In a randomised, international, multicentre, open-label pivotal study of 319 treatment-naive patients with CLL, those who received Treanda had better clinical outcomes compared to patients treated with chlorambucil, a commonly used chemotherapy for patients with CLL. Specifically, Treanda patients had a significantly higher overall response (68% of patients responded to Treanda and 33% of patients responded to chlorambucil; p < 0.0001). Patients who received Treanda also had a higher complete response rate than those treated with chlorambucil (9% vs. <1%), which means that after treatment with Treanda some patients had no signs of disease in their blood.
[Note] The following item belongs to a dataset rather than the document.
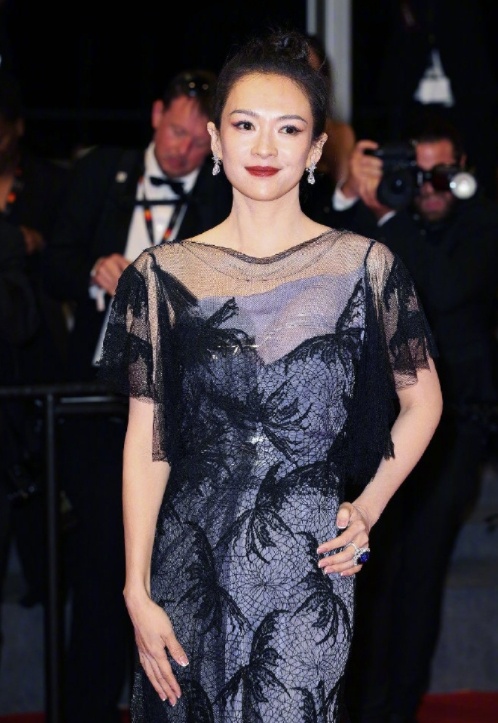 来看看《酱园弄》两位女明星在戛纳红毯的表现力#杨幂戛纳生图##章子怡戛纳红毯#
Importantly, Treanda patients also had a significantly longer progression-free survival (21 months vs. 9 months; p < 0.0001), meaning the disease did not get worse for a significant period of time. The response to Treanda lasted longer (duration of response) than in patients who received chlorambucil (23 months vs. 8 months). The most common adverse events in the trial were myelosuppression, fever, nausea, and vomiting.
The approval for iNHL which has progressed during or within six months of treatment with a regimen that included rituximab is also supported by a pivotal study of 100 patients. This study demonstrated that heavily pre-treated patients had a high response rate to treatment with Treanda, and these responses to the treatment were durable. The results from the pivotal study showed that treatment with Treanda as a single agent resulted in an overall response rate of 75%, which means that after treatment, the cancer diminished or disappeared in approximately three out of four patients. Additionally, patient response to treatment in the pivotal study lasted a median of 9.2 months. The most common adverse events in the trial were myelosuppression, nausea, fatigue, diarrhea, vomiting, fever and constipation.